Artificial intelligence (AI) is a hot topic and big buzzword in business today – indeed, Infoholic Research predicts that AI in the logistics and supply chain markets will grow at a compound annual growth rate of 42,9% until 2023.
According to author, AI and automation expert Johan Steyn, everyone wants AI but there are pitfalls to avoid. In his keynote presentation at the 2022 SAPICS Conference, Steyn explored how intelligent technology will impact supply chains.
Technologies like AI, smart sensors providing real-time insights, autonomous decision making and predictive analytics will play an increasingly important role in the profession.
He cautioned the 600 supply chain professionals who met in Cape Town for the event to start any automation journey with a clear understanding of business objectives and customer needs.
Steyn said that he has spoken to executives who wanted AI but could not explain their most basic business processes. “Consultants will never tell you this, but use the technology that you have,” he advised SAPICS attendees.

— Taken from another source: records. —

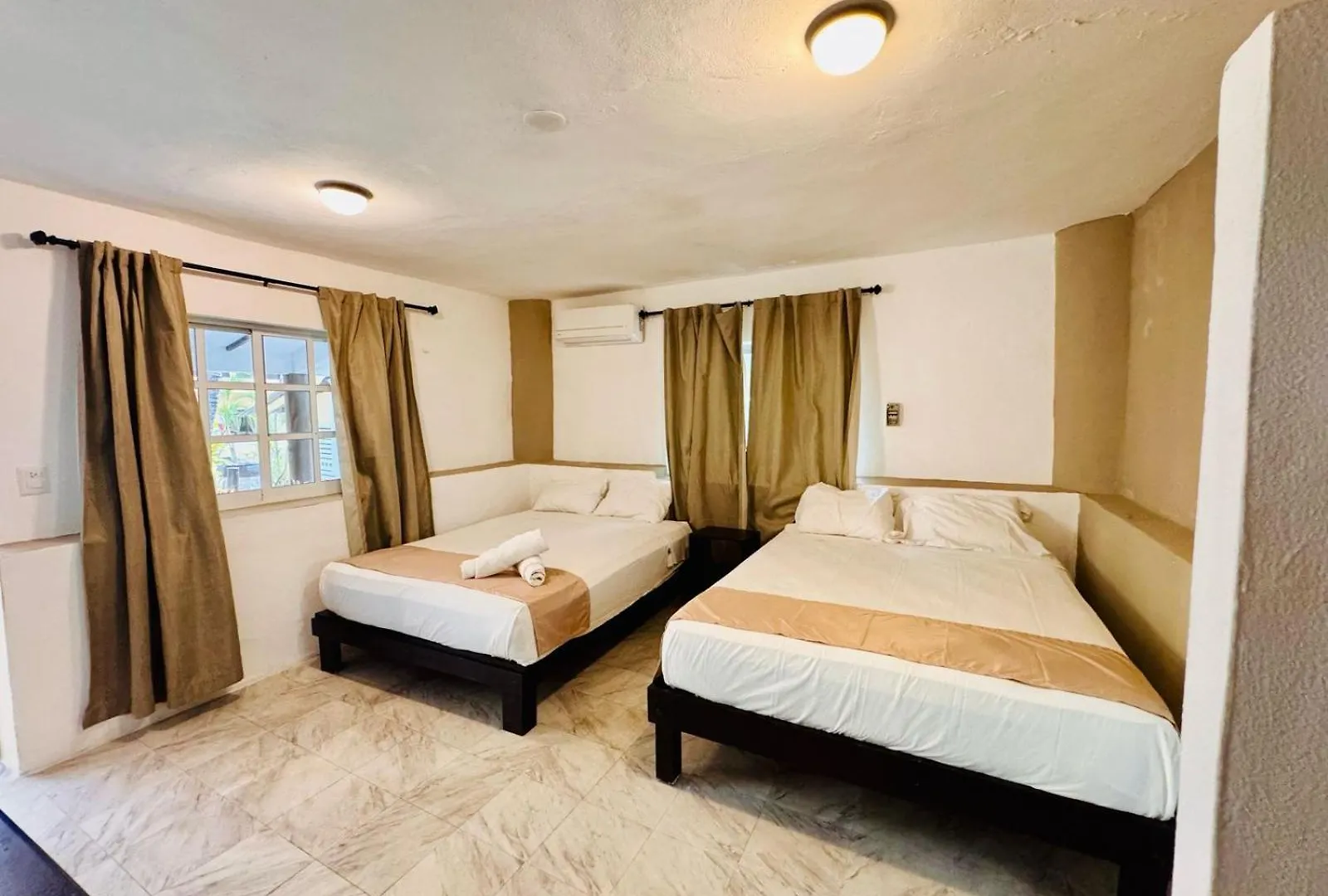 Original Maya Bric Playa del Carmen Hotel
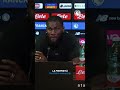 🎙️ “È stata una scelta di cuore” #Kessie #Atalanta
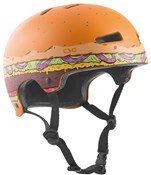 TSG Evolution Graphic Designs BMX / Skate Helmet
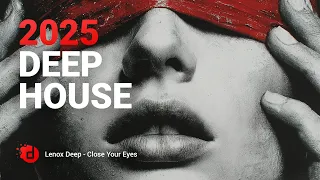 lenox deep close your eyes deep house chill emotional 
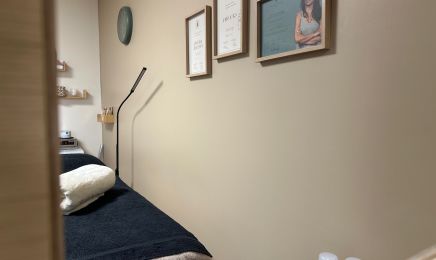 L’art du geste esthétique  : Institut de beauté à Sainte-Opportune-du-Bosc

“Start with what you have got and how you can use it. Don’t listen to consultants that want to buy shiny stuff. You may not need it.”

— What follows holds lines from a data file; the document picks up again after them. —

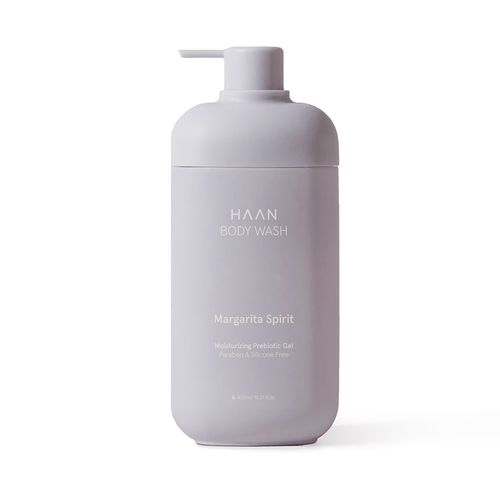 Body Wash Margarita Spirit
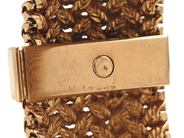 Smycken - GAY FRÈRES, armband - View 5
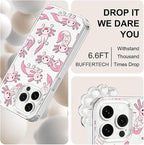 MOSNOVO Case for iPhone 13 Pro Max - Image 5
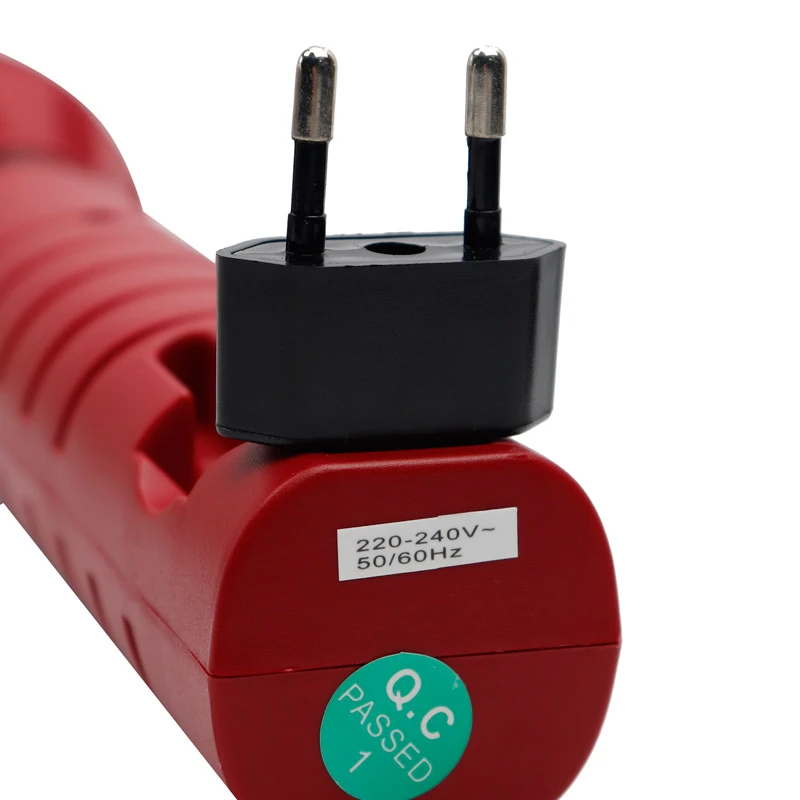 چراغ قوه شارژی ICEN IE-L275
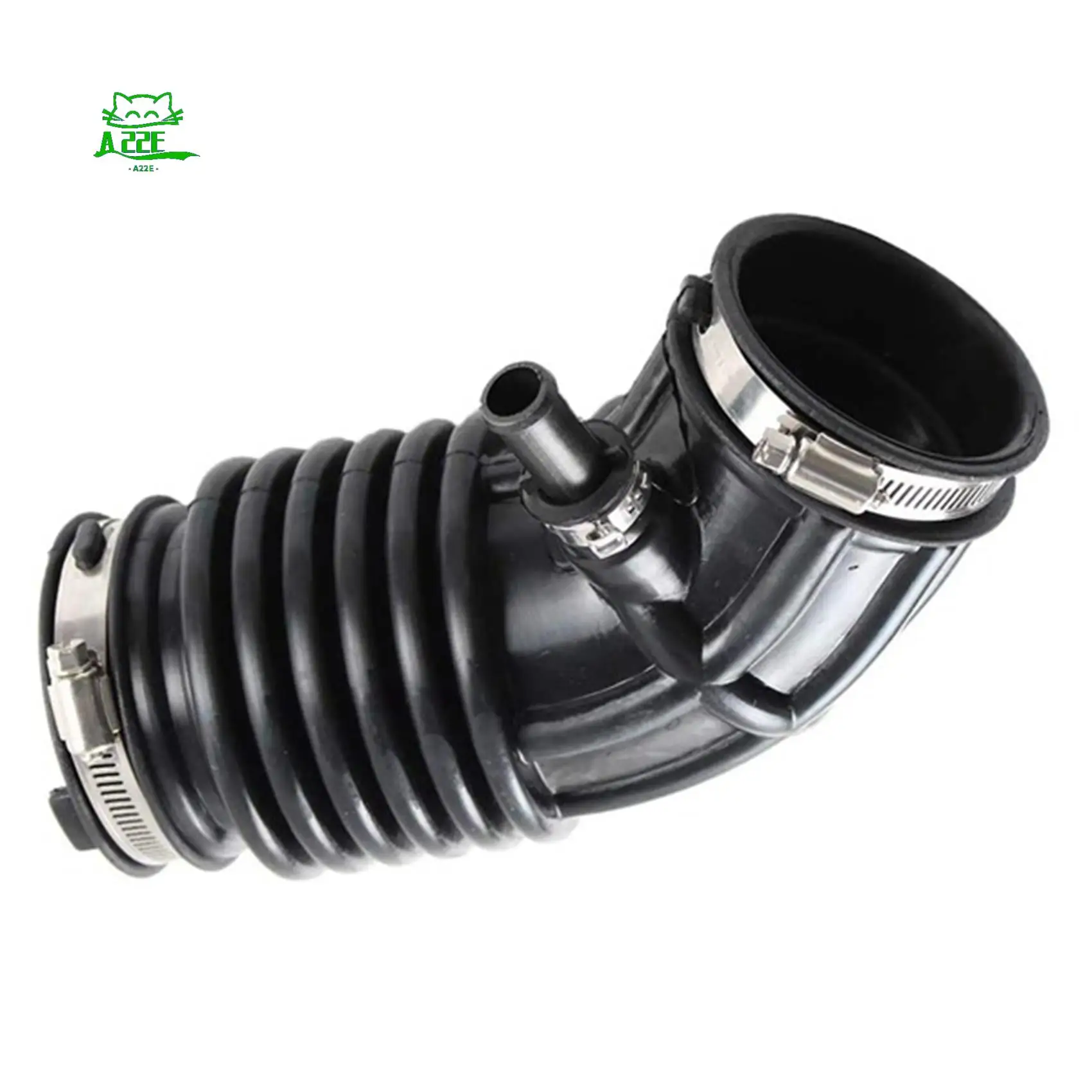 A22E-16576JA000 9.2Inch Air Intake Hose Car Engine Air Intake Hose For Altima L4 2.5L 2007-2013
A22E-16576JA000 9.2Inch Air Intake Hose Car Engine Air Intake Hose For Altima L4 2.5L 2007-2013
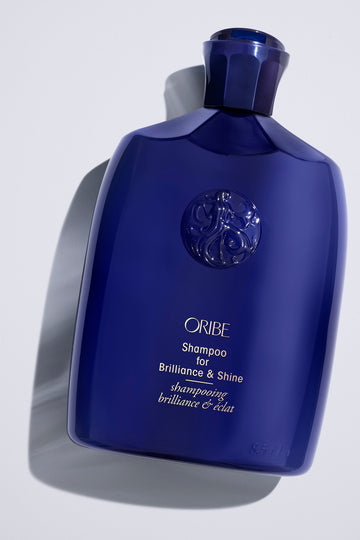 Brilliance & Shine Shampoo 250ml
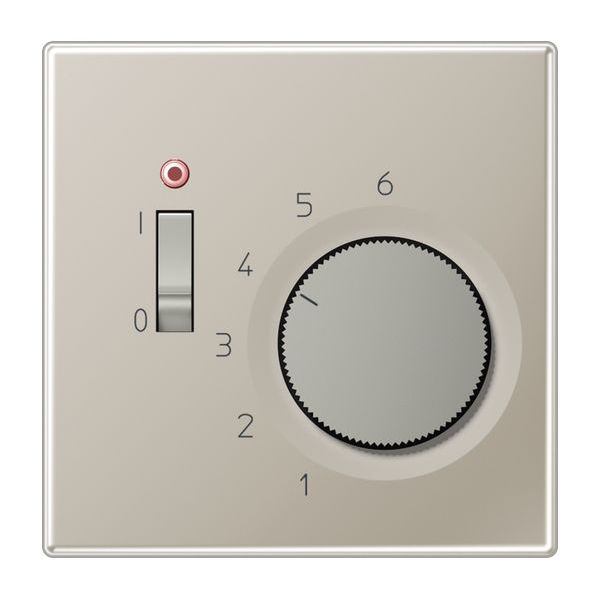 Jung Raumtemperaturregler TRES231 Öffner 230V AC – Jung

He added that it is critical to partner with the right vendors in a win-win relationship.
The importance of automating the right things for the right reasons in the right way was another key message in his presentation, and he also noted that the best way to approach AI is to automate value chains not tasks. “Automating certain tasks in isolation will not deliver value.”
Steyn stressed the importance of a “people-first initiative”.
“The approach should never be technology first. Start with considering whether your people can do it. Do you need to recruit people? Consider your organisational design, career planning and the need for upskilling your people. Most AI conversations start with technology. They should always start with people.
“The reason many technology initiatives in business don’t live up to expectations or flatly fail, is that we often underestimate the impact it will have on people, and how they will respond.
“Technology is advancing rapidly but there are things that it cannot do. We must remember that we cannot automate human nature and common sense. The value of people should always be our main focus and ethics should underpin all our technological endeavours. The disruptive power of new technologies needs a new breed of ethical, human-centric, leadership in business,” Steyn said.